→ INPUT:
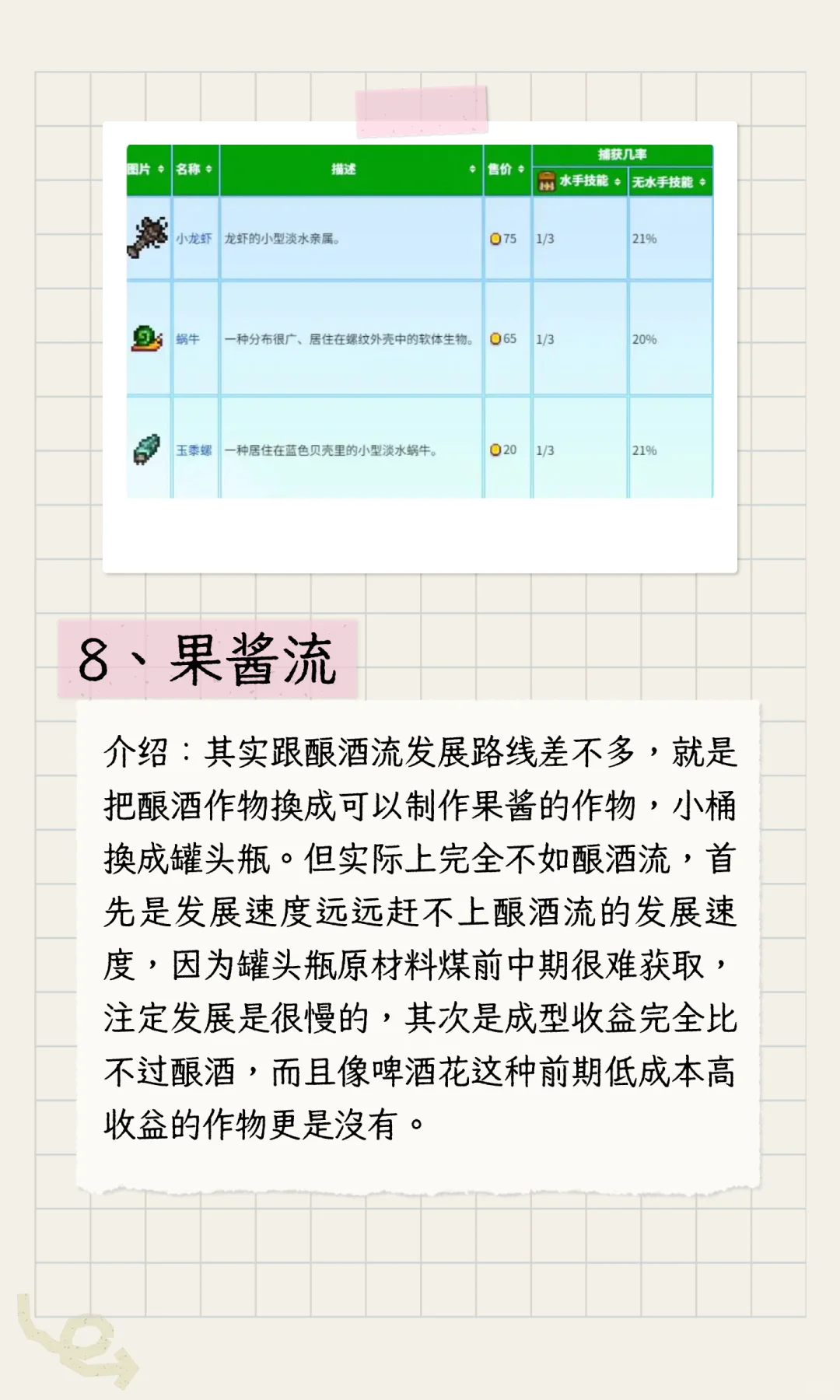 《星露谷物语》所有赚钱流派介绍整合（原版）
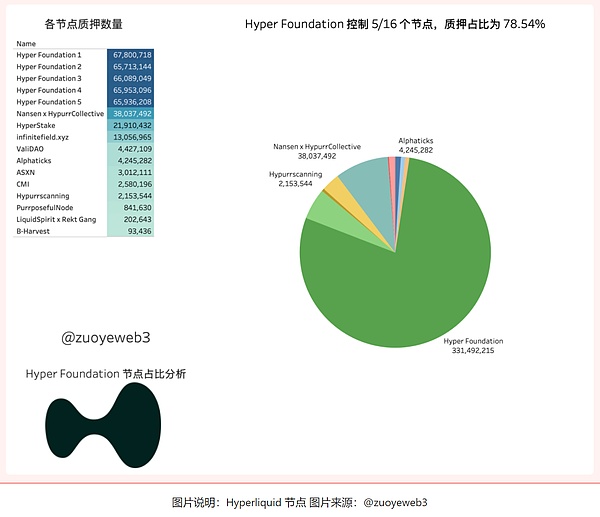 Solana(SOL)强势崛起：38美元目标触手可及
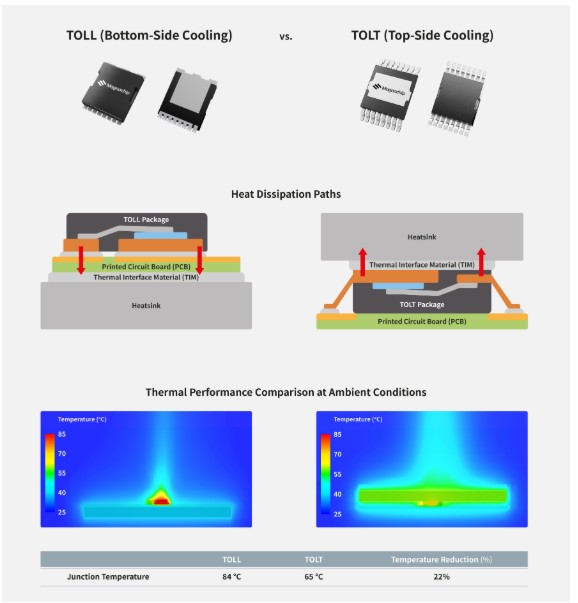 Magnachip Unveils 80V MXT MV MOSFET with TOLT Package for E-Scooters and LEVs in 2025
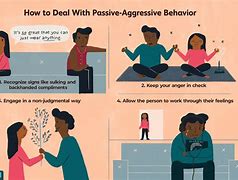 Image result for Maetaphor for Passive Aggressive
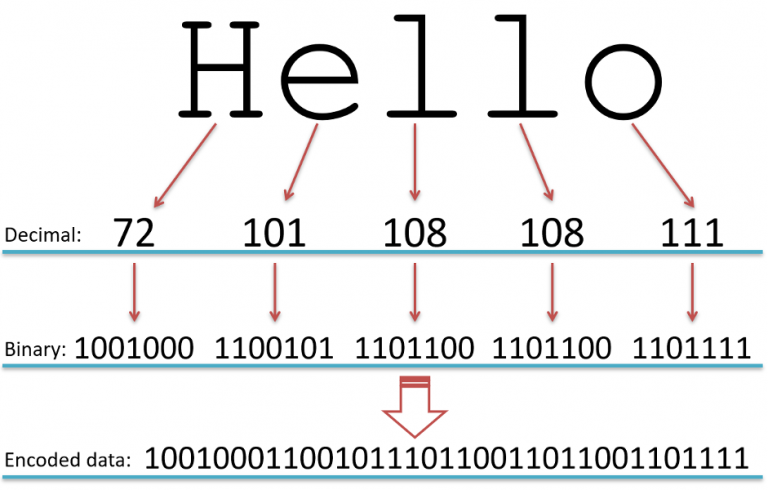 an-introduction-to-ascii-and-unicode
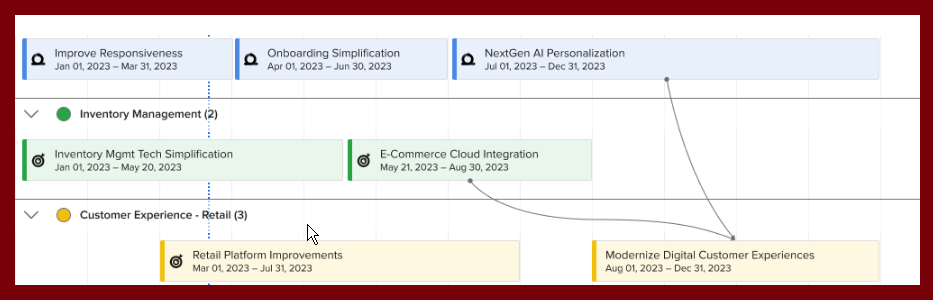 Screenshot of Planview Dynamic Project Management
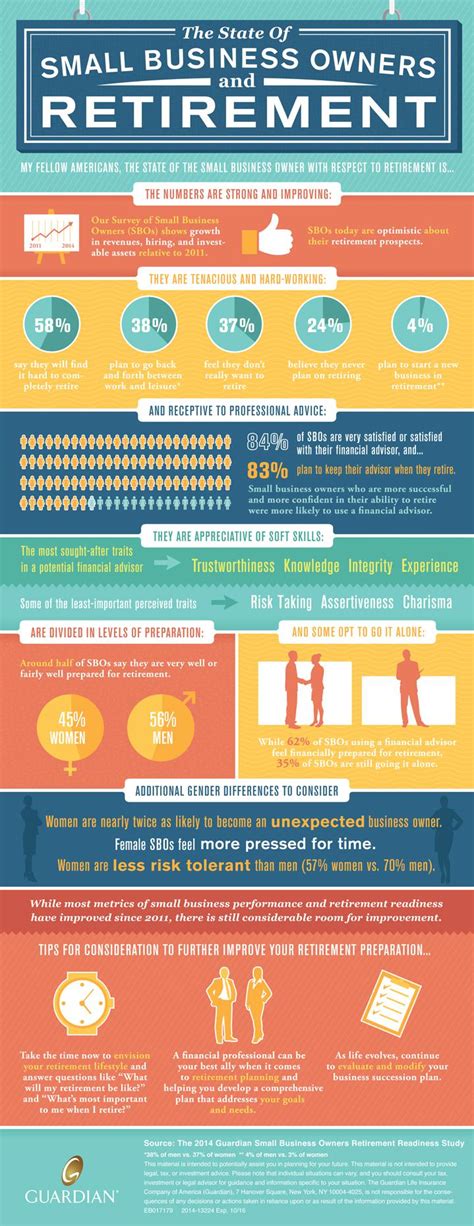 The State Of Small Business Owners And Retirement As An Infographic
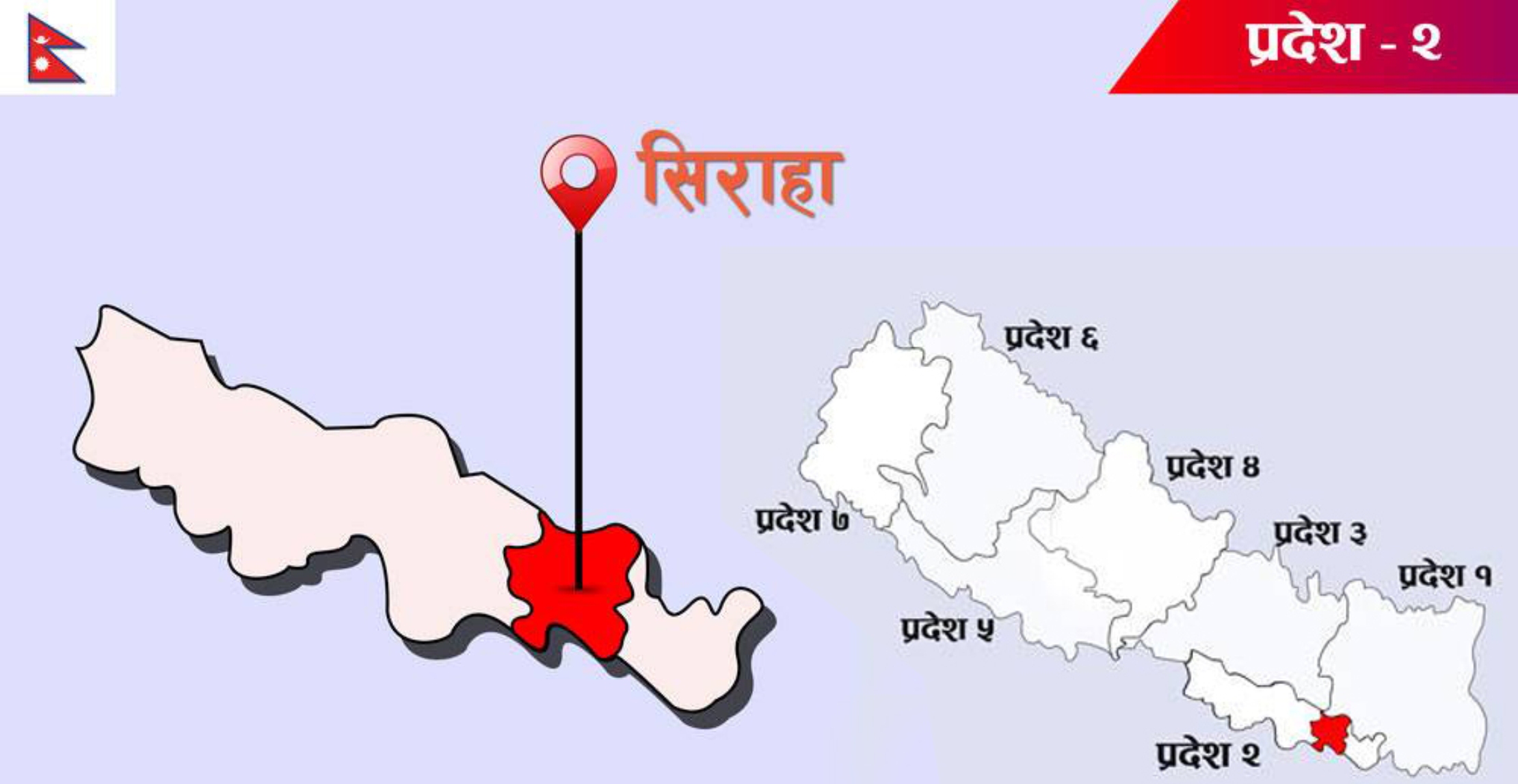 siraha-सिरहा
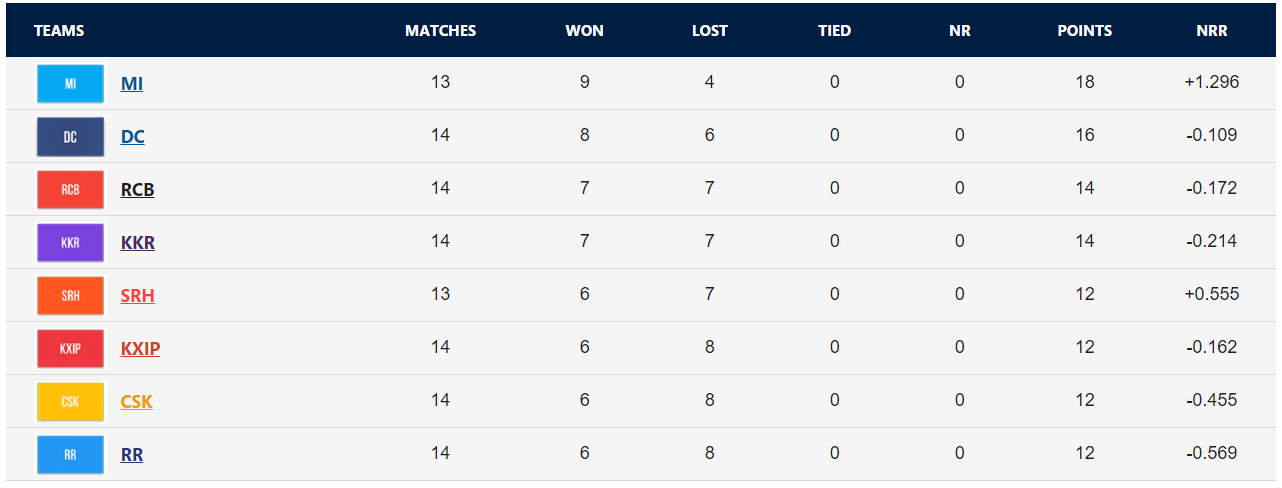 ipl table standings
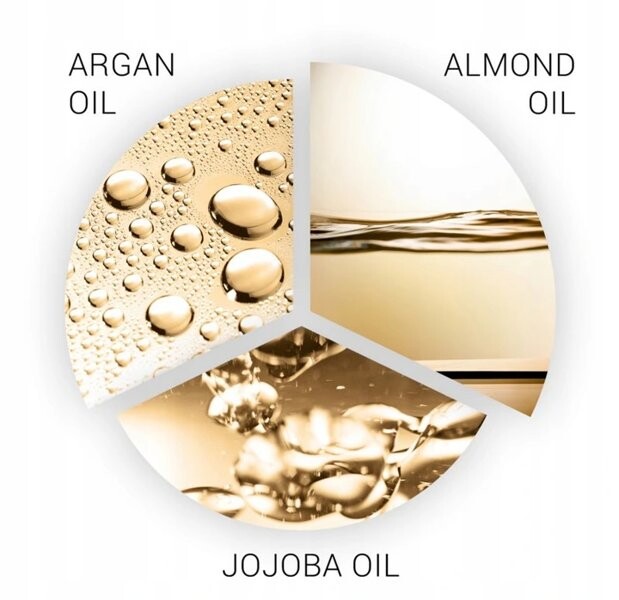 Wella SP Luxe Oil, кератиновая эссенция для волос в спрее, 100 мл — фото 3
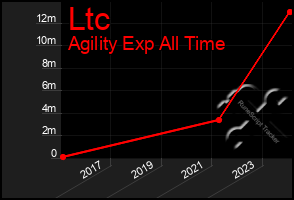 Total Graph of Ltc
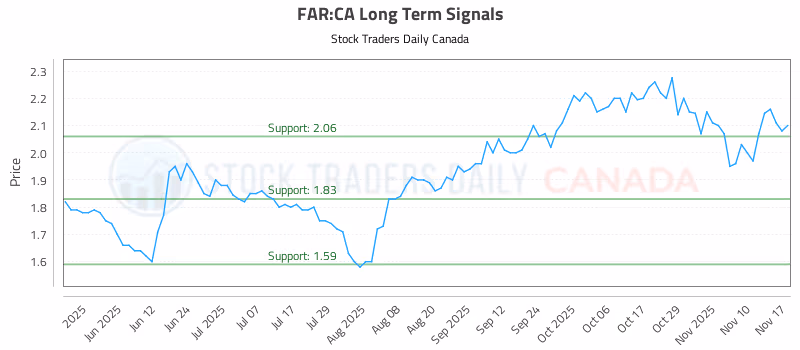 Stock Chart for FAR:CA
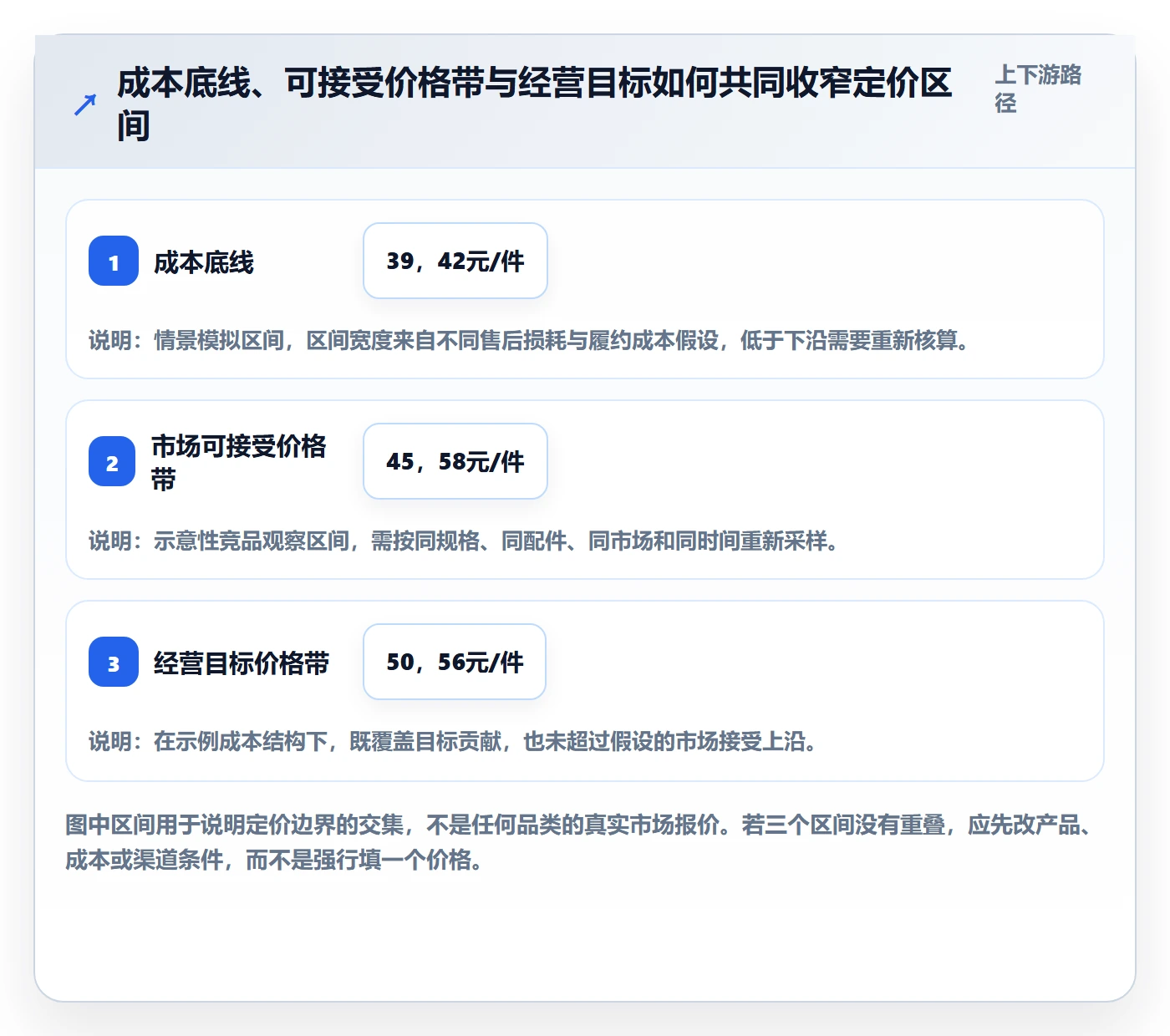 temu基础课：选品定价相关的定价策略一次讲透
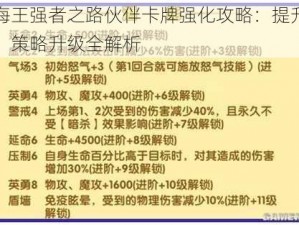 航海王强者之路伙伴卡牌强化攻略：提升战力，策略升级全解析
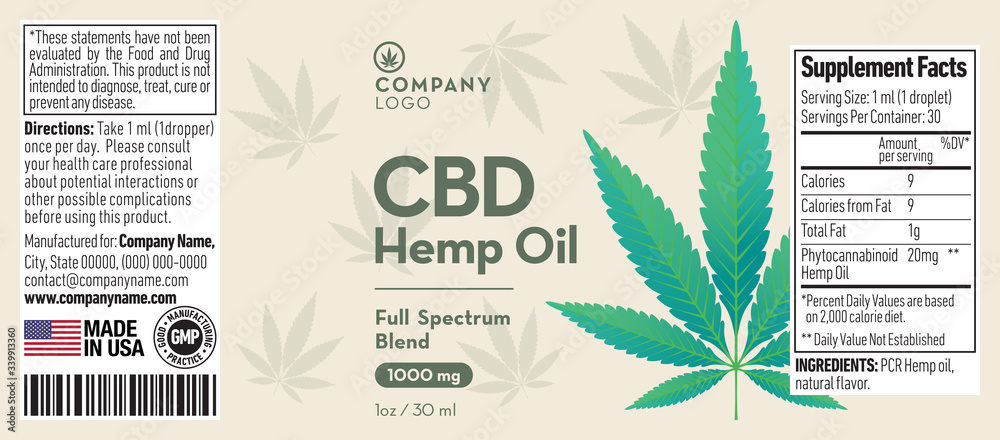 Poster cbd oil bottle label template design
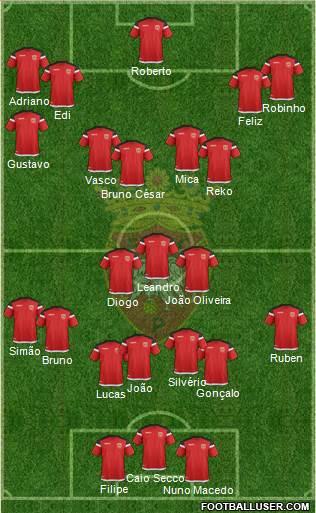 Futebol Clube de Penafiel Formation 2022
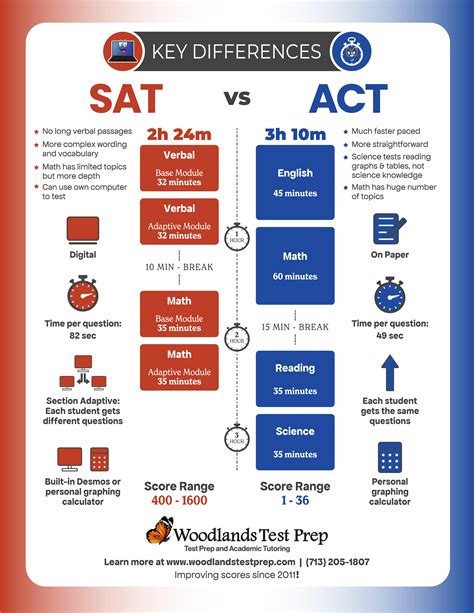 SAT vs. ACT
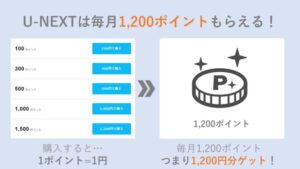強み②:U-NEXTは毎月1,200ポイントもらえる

→ PROBLEM DETAILS:
Could you output every record above exactly as written, leaving out the pictures?

→ RESULT OF THE EXERCISE:
 《星露谷物语》所有赚钱流派介绍整合（原版）
 Solana(SOL)强势崛起：38美元目标触手可及
 Magnachip Unveils 80V MXT MV MOSFET with TOLT Package for E-Scooters and LEVs in 2025
 Image result for Maetaphor for Passive Aggressive
 an-introduction-to-ascii-and-unicode
 Screenshot of Planview Dynamic Project Management
 The State Of Small Business Owners And Retirement As An Infographic
 siraha-सिरहा
 ipl table standings
 Wella SP Luxe Oil, кератиновая эссенция для волос в спрее, 100 мл — фото 3
 Total Graph of Ltc
 Stock Chart for FAR:CA
 temu基础课：选品定价相关的定价策略一次讲透
 航海王强者之路伙伴卡牌强化攻略：提升战力，策略升级全解析
 Poster cbd oil bottle label template design
 Futebol Clube de Penafiel Formation 2022
 SAT vs. ACT
強み②:U-NEXTは毎月1,200ポイントもらえる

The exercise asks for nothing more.